6cat baluns with IR pass through. The only IR device that will work 100% of the time with foxtel is the Resi-linx branded gear. Yes its a little more expensive but its great. I've used many others but this one is the only one i know will work.  
The RL-BV100A will work as your transmitter and receiver as a composite signal. If you want to go component then use a RL-BV200 (you'll need digital audio in and out for this one).  You'll then need to get an IR distribution block example RL-IR100.. all this will work on an single Cat6 run to your shed. The only thing you need to be aware of is your 100 meter limit on your Cat6... Keep it as short as you can and you'll be fine!  
Last but not lest if you don't give a sheet about pic or audio quality just invest in an RF modulator and run a single coax cable.  
cheers

----------


## ddixon

Legend, thanks very much Armers.
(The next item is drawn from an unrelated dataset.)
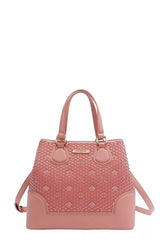 Nicole Lee USA Monogram Pattern Handbag with Rhinestones Decor PINK OS Trendsi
Although most of that went over my head, it's brilliant info for a little bit down the track.  
In the meantime, as I understand it, all I need to do is get cat6 cable in conduits from the house to the shed? Any particular type of cat6 cable I need to get or is that a stupid question.  
And we won't run over 100m length so that shouldn't be a problem.  
Thanks again
Cheers

----------


## Armers

Google is your friend  :Biggrin:  
You "should" be using flooded cat6.. which is rated to go underground. But if you make the conduit accessible normal cat6 will be fine, just be don't be surprised if you have to replace it every 18 months or so..  
BTW there are no stupid questions... although you might get a stupid answer  :Biggrin:  
Cheerd

----------


## Uncle Bob

> although you might get a stupid answer

  Yep, probably from me  :Wink:

----------


## Moondog55

Query for you Armers
If the conduit is properly joined and sealed why do you need to use the WR rated cable? I thought that sealing the conduit would keep the water out? It seems to work like that for power cable why not data?

----------


## Armers

Moondog55;  
ehhhhhhhh One of those rules in S009 section 18  
"A Customer cable installed underground, whether or not installed in couduit, other then coaxial cable, a blown fiber tube or a special application cable *shall* meet the requirements of S008 for UV resistance; and water penetration" 
can give more info if you want  :Biggrin:

----------


## Moondog55

Maybe in the future when/IF we redo the shed and mancave.  
As always better to do it right first time than redo at great expense down the track

----------